Smart XML Processing with Regexes

Recently, Jeff Atwood wrote about parsing HTML with regular expressions. I want to speak about it briefly, because I came across this issue last week. I gathered from his post that the lesson is to consider your options with an open mind, and only block a possible solution if you really understand the alternatives. Use facts and knowledge to choose your implementation details, not superstition and theoretical best practices. Best practices usually are created for a reason, but that's not to say there's never a reason to turn your head on them.

This post hit home with me because I had an XML file to parse that was over a gigabyte. From this XML file, I needed a very small handful of the data, and it was very regular XML. XML parsing is a solved problem, but most XML libraries I've used would easily choke on such a file.

Instead of even considering attempting to process this data with a normal XML processor, I wrote a simple Ruby script to extract the information. It looped over each line, looking for key parts of the data with lines like:

if line["<expectedTag>"]
# deal with this tag
end


Then, I processed the key tags and data I was looking for with regular expressions, such as:

data = line[/<expectedTag>(.+)</expectedTag>/, 1]


The above was done within the if blocks. The key point being regexes would have been too slow alone, so I used the simple indexer method to quickly determine if the line contained something that mattered to me. Then I used the regex to pull the data that I actually wanted.

Can you write XML to break my processing? Of course! The question is... does it matter? And that answer was no. I only need to process this data once, maybe another time sometime in the distant future, but the XML is so regular that I know it will work for all the data. On top of this, if I missed some data, it wouldn't matter in the slightest for my purposes. So, in short, proper XML processing would have severely slowed me down (ignoring all lines that don't contain a keyword is much faster), and it would have produced no real benefit.

I ended up processing all the data in little over a minute or two, and I considered it a huge success. Over a gigabyte of XML to process seemed a rather daunting task initially!

2 comments:

Noah Gibbs said...

More importantly, you knew where the gigabyte of XML came from, and you were able to do reasonable inspection on it.

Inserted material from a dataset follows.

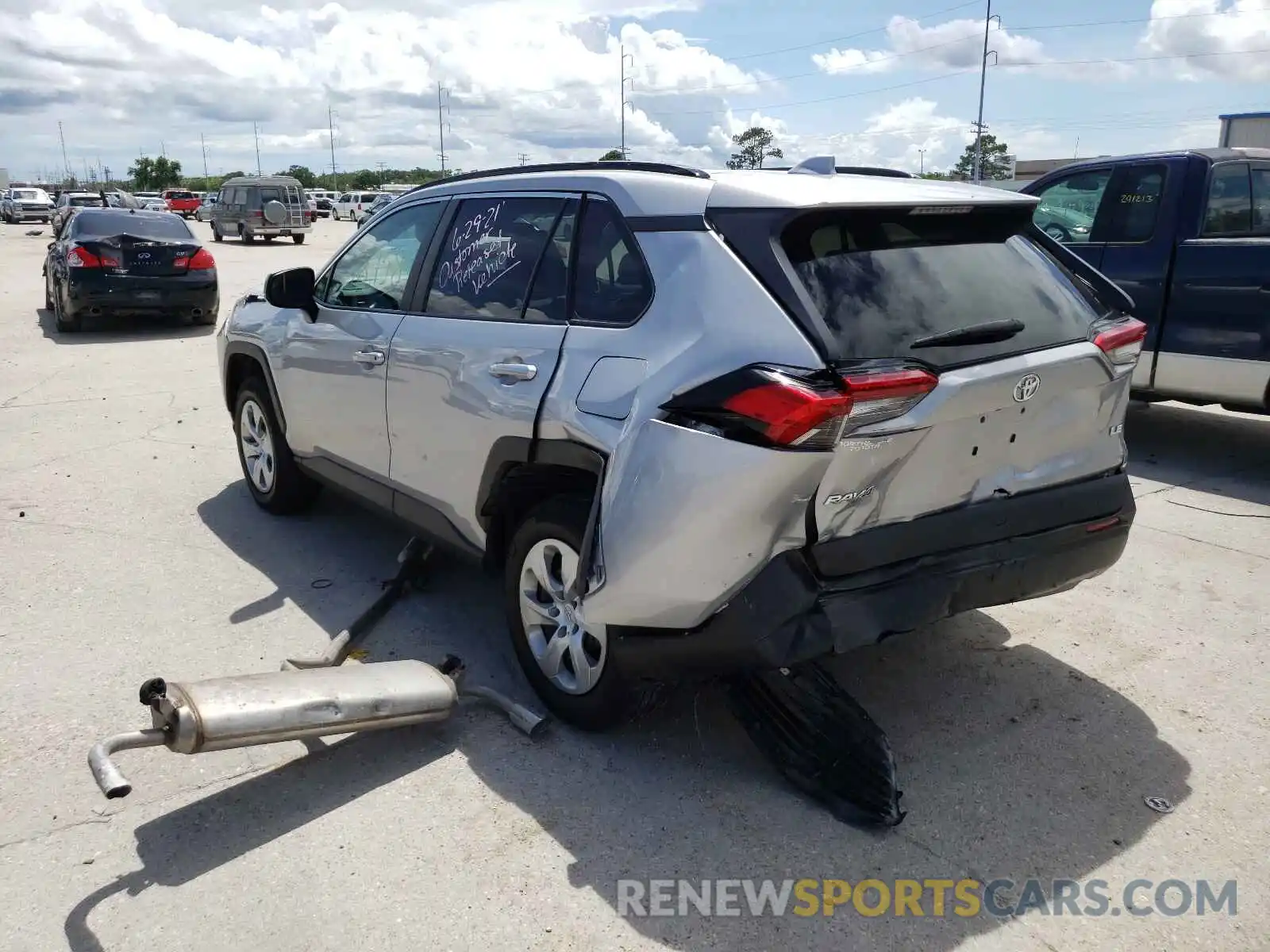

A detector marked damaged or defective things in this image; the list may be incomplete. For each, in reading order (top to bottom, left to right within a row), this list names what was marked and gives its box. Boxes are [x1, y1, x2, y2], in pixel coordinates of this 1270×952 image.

broken tail light [1086, 317, 1143, 367]
damaged quarter panel [540, 225, 826, 631]
broken tail light [660, 365, 940, 454]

A lot of Jeff Atwood's advice there comes from web sites, where you spent a lot of time and effort trying to keep attackers from being able to worm past badly-written regexp-based parsers. Fundamentally, parsing known-good data from a trusted source is a whole other world from that.

Mike Stone said...

Thanks for the comment Noah! I think you reiterated my point, or at least the point I had intended to make. That is, think about your problem and what may solve it best, not what someone says to blindly always or never do. Granted, regexes for XML/HTML processing has a completely different tone when the source of the data is known vs unknown, but that doesn't stop the fact that you should always consider your alternatives.